* _Your task_:
Without including any pictures, copy every line below exactly.

* _Provided records_:
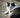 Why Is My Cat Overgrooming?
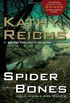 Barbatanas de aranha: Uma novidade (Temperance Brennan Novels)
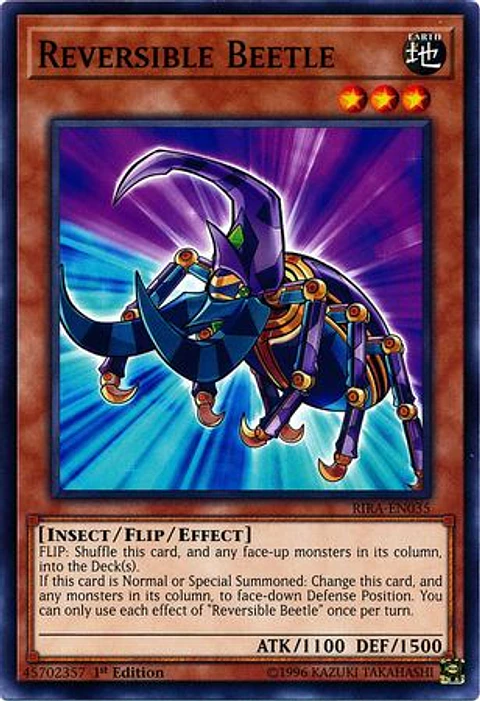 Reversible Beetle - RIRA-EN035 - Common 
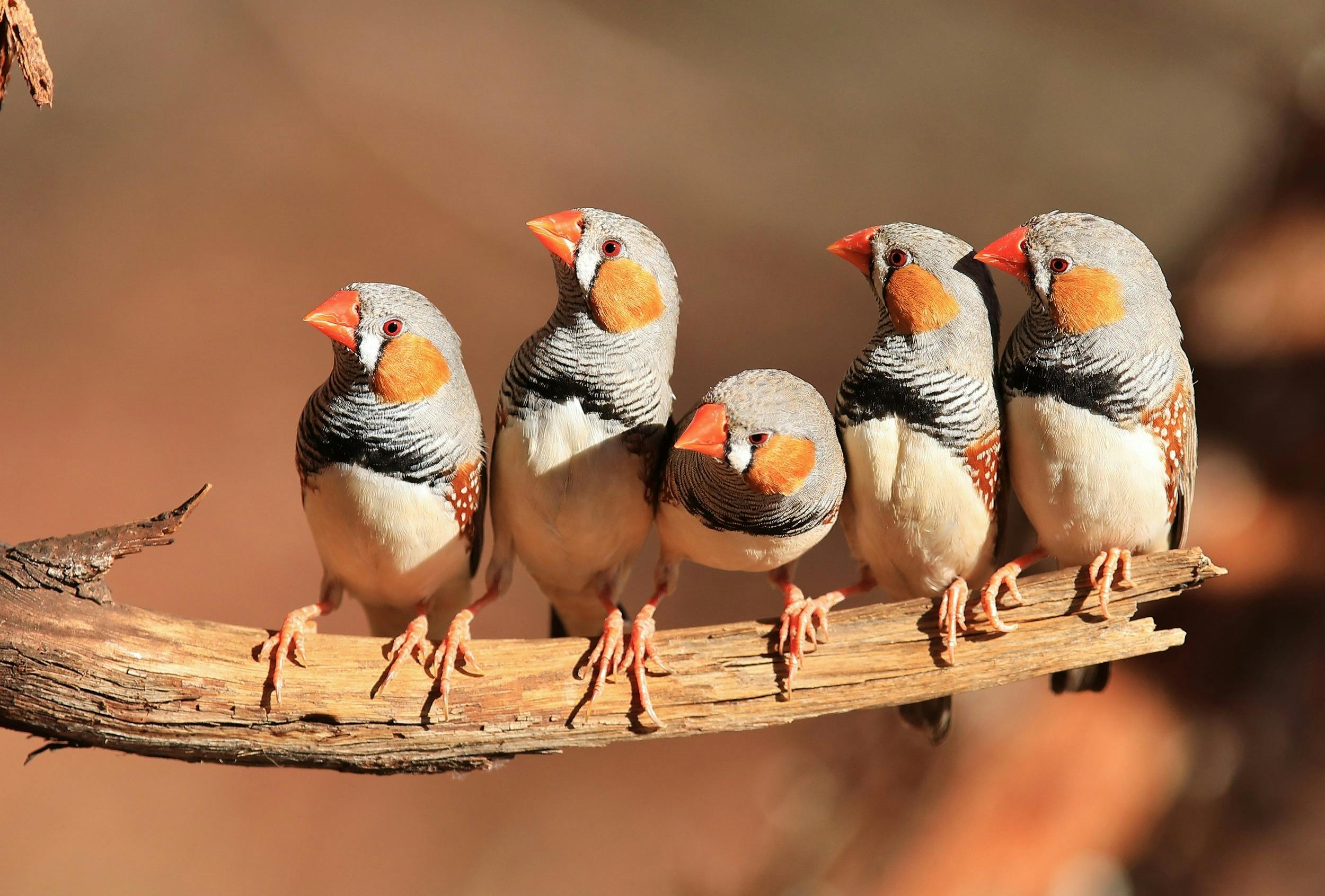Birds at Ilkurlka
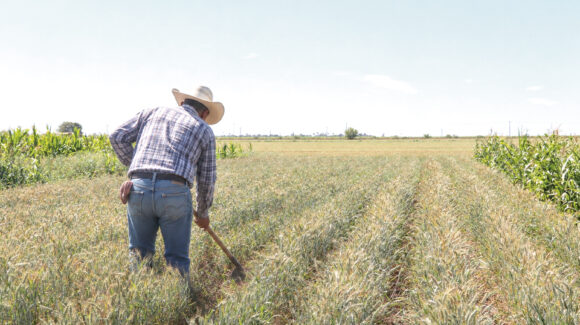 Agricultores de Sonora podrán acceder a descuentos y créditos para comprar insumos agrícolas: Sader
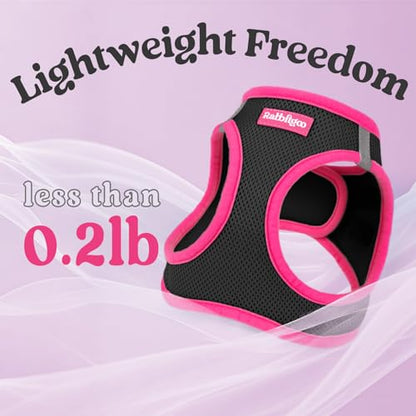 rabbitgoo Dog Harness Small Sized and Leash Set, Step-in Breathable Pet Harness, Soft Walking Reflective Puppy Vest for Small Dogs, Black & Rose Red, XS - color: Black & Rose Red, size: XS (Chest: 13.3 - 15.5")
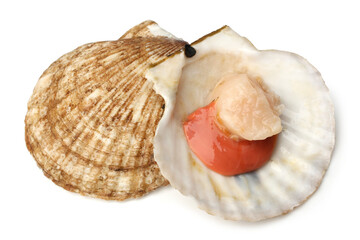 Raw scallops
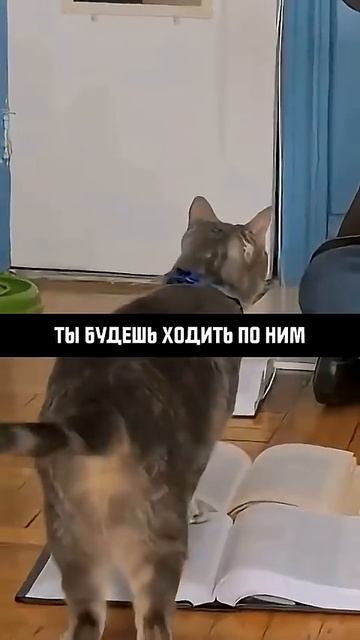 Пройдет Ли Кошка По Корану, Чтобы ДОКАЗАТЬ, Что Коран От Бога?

* _Answer space_:
 Why Is My Cat Overgrooming?
 Barbatanas de aranha: Uma novidade (Temperance Brennan Novels)
 Reversible Beetle - RIRA-EN035 - Common 
Birds at Ilkurlka
 Agricultores de Sonora podrán acceder a descuentos y créditos para comprar insumos agrícolas: Sader
 rabbitgoo Dog Harness Small Sized and Leash Set, Step-in Breathable Pet Harness, Soft Walking Reflective Puppy Vest for Small Dogs, Black & Rose Red, XS - color: Black & Rose Red, size: XS (Chest: 13.3 - 15.5")
 Raw scallops
 Пройдет Ли Кошка По Корану, Чтобы ДОКАЗАТЬ, Что Коран От Бога?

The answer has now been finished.